Em seguida ao golpe que derrubou Salvador Allende, vários ativistas de esquerda chilenos e exilados de outros países se refugiaram em embaixadas de Santiago. A menina Flavia Castro estava entre as pessoas acolhidas pela embaixada da Argentina, país então governado pelo Partido Justicialista de Perón. Carlos Minc e Liszt Vieira são citados entre os que pediam asilo à espera de visto para sair do país. As Vitrines se baseia em lembranças de Flavia dessa época.
Pela terceira vez, a cineasta revolve o seu passado atravessado pela ditadura brasileira. Diário de uma Busca se construía a partir de uma série de perguntas sobre a vida e as circunstâncias da morte de seu pai, um militante comunista. Deslembro era uma fabulação em torno de sua volta a contragosto do exílio para um Brasil que lhe era estranho demais.
Em As Vitrines, Flavia se reencarna no papel da menina Ana (Helena O’Donnell) em sua convivência com outras crianças e os adultos no huis-clos da embaixada. Rejeitando a ideia de vir para o Brasil, ela personifica a facilidade infantil em fincar raízes temporárias. O hábito de recolher pequenos objetos e enterrá-los diz muito sobre isso. O protagonismo é dividido com o menino Pedro (Gael Nórdio), que sofre pelo destino da mãe, separada dele e do pai no momento de entrar na embaixada. Guardas de Pinochet se postavam no portão do casarão para impedir a entrada de novos refugiados, a tiros se fosse o caso. O medo de uma invasão era constante.
O filme se organiza como um painel de fragmentos sobre a vida provisória naquela comunidade improvisada. À espera de um salvo conduto, as pessoas passavam o tempo em aulas teóricas (satirizadas numa cena divertida), cantorias, partidas de xadrez e preparação de comidas, enquanto as crianças brincavam, faziam escambos e experimentavam uma espécie de liberdade intramuros. A cada lista que chegava com os nomes liberados para sair da embaixada, o grupo sentia um misto de alegria e perda.
Essa situação sui generis é vista principalmente a partir das crianças, o grande trunfo de As Vitrines. As quatro principais têm desempenhos cativantes num elenco composto por brasileiros, chilenos, argentinos e uruguaios. A fotografia de Heloísa Passos valoriza os espaços ao mesmo tempo amplos do casarão e limitados pela condição política dos que o habitavam.

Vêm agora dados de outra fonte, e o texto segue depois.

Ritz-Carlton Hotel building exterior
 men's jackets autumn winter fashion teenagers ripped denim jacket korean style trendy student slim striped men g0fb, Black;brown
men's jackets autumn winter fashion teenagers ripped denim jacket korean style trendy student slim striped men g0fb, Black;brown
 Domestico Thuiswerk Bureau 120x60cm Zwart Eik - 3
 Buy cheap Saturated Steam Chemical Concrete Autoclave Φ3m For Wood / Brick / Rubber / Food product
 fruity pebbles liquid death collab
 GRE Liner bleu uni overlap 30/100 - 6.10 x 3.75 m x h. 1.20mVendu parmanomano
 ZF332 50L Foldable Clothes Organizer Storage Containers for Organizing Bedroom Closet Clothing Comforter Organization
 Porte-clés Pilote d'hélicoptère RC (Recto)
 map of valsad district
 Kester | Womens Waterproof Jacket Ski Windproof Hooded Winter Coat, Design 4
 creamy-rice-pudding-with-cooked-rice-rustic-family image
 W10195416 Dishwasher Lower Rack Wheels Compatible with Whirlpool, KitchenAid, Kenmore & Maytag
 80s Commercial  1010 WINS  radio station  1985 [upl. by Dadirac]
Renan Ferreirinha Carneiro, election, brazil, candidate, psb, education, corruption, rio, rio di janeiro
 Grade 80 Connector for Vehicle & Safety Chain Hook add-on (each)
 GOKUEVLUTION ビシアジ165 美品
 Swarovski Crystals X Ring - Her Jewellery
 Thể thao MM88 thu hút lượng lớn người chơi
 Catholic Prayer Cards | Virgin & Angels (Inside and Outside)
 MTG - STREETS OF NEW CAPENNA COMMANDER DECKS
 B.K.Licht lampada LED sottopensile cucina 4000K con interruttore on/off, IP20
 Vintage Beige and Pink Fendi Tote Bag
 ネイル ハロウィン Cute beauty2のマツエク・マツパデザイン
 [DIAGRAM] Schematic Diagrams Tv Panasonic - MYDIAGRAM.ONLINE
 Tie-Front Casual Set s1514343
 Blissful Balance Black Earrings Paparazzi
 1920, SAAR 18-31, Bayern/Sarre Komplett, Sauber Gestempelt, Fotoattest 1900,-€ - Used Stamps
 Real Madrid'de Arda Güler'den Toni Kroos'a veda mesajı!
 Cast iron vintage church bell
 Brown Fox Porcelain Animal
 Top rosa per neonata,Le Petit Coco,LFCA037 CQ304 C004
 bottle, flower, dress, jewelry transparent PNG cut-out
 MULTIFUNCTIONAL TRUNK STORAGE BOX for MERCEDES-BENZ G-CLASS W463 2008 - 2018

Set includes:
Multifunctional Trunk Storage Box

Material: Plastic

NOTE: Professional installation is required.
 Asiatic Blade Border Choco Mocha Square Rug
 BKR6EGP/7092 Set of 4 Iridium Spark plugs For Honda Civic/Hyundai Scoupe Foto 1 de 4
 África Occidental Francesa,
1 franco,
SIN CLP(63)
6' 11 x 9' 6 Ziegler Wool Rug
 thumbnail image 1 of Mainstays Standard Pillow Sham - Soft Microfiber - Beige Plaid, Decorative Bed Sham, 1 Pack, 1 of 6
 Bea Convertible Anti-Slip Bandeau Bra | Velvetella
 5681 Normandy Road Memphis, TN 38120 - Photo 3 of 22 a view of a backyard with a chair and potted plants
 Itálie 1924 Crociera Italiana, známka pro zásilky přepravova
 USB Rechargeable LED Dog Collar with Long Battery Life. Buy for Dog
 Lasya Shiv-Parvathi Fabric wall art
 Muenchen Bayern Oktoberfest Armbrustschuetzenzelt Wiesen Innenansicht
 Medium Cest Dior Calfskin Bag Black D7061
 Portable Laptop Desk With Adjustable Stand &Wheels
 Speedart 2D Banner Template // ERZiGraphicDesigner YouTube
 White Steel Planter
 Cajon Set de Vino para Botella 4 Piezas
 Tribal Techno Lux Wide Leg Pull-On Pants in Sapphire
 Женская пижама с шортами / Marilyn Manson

O roteiro padece de uma certa desconexão entre os micro-episódios e, pelo menos em mim, não surtiu um efeito emocional mais marcante. Ainda assim, pelo apelo do argumento e o acerto nas minúcias da direção, Flavia nos faz imergir numa experiência de exceção. Percebemos, assim, como esse tipo de vivência pode afetar personalidades em formação.
TER (07/10) 21:15 Cinesystem Belas Artes 5
Habitar o Tempo
Seis amigos estão reunidos numa sala. Garrafas de vinho podem ser vistas por ali. Eles têm livros e papéis à mão. Alguns seguram câmeras também, e se filmam uns aos outros. Alternando as vozes, leem o poema dialogado Os Três Mal-amados, de João Cabral de Mello Neto. Um sarau descontraído de 22 anos atrás que agora salta à vista principalmente porque um dos participantes é Eduardo Coutinho.
Junto a ele estavam os amigos e colaboradores Cristiana Grumbach, que assina a direção e a montagem do curta, Eliska Altman, Renata Baldi, Geraldo Pereira e Fernando Fragozo. Cristiana editou o filme como um mosaico de telas divididas, ressaltando a interação do sexteto através das respectivas câmeras. O áudio transita da recitação alternada para ensaios de simultaneidade e cacofonia.
Habitar o Tempo, título de outro poema de João Cabral também citado, diz respeito àquele momento de convergência dos amigos em torno não do cinema, mas da poesia. Coutinho hoje é o grande ausente. Por incrível que pareça, nenhum cigarro aparece em sua mão.